**Data shown**
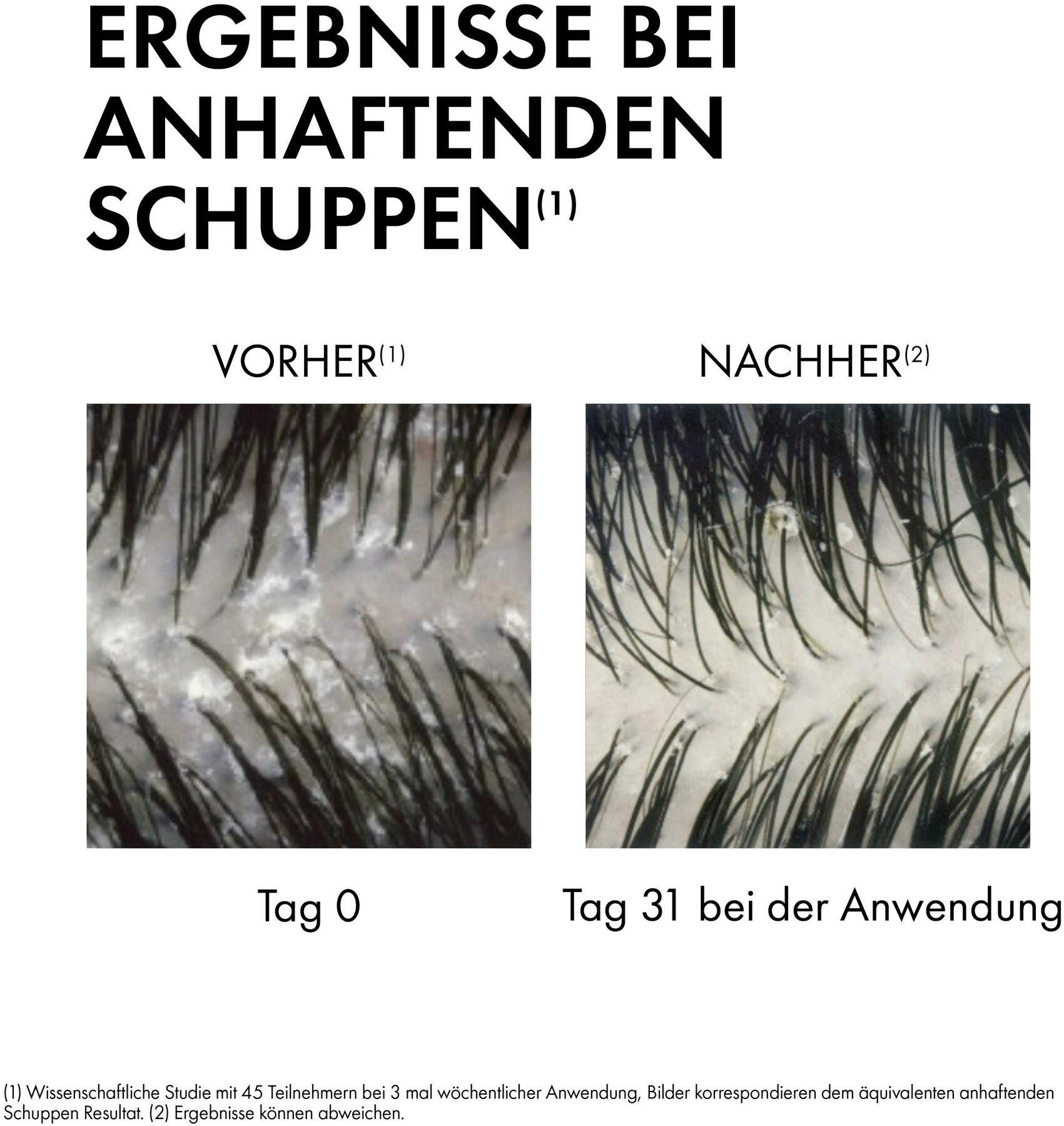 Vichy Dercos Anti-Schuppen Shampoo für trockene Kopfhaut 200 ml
* * *
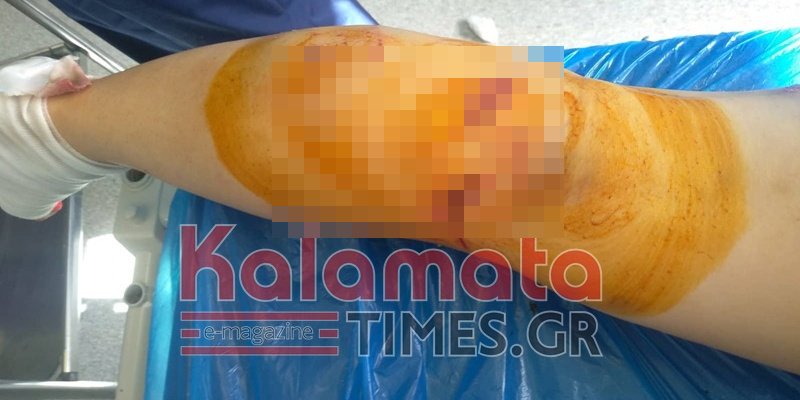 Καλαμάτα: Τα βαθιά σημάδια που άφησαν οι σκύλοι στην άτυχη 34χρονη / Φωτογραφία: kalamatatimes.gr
...
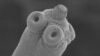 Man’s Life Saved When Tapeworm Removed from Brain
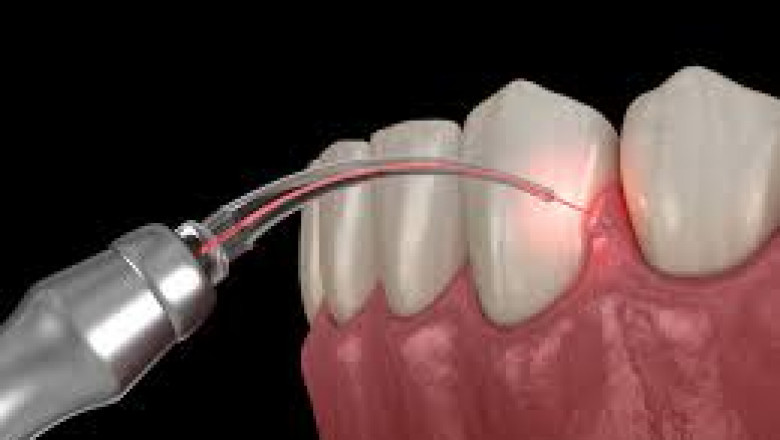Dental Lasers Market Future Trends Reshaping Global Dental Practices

**Task objective**
The lines above starting at the one that holds "Man’s Life Saved" and ending at the one that holds "Dental Lasers Market" are to be written out exactly, ends included, and no pictures are to be copied.

**Task answer**
 Man’s Life Saved When Tapeworm Removed from Brain
Dental Lasers Market Future Trends Reshaping Global Dental Practices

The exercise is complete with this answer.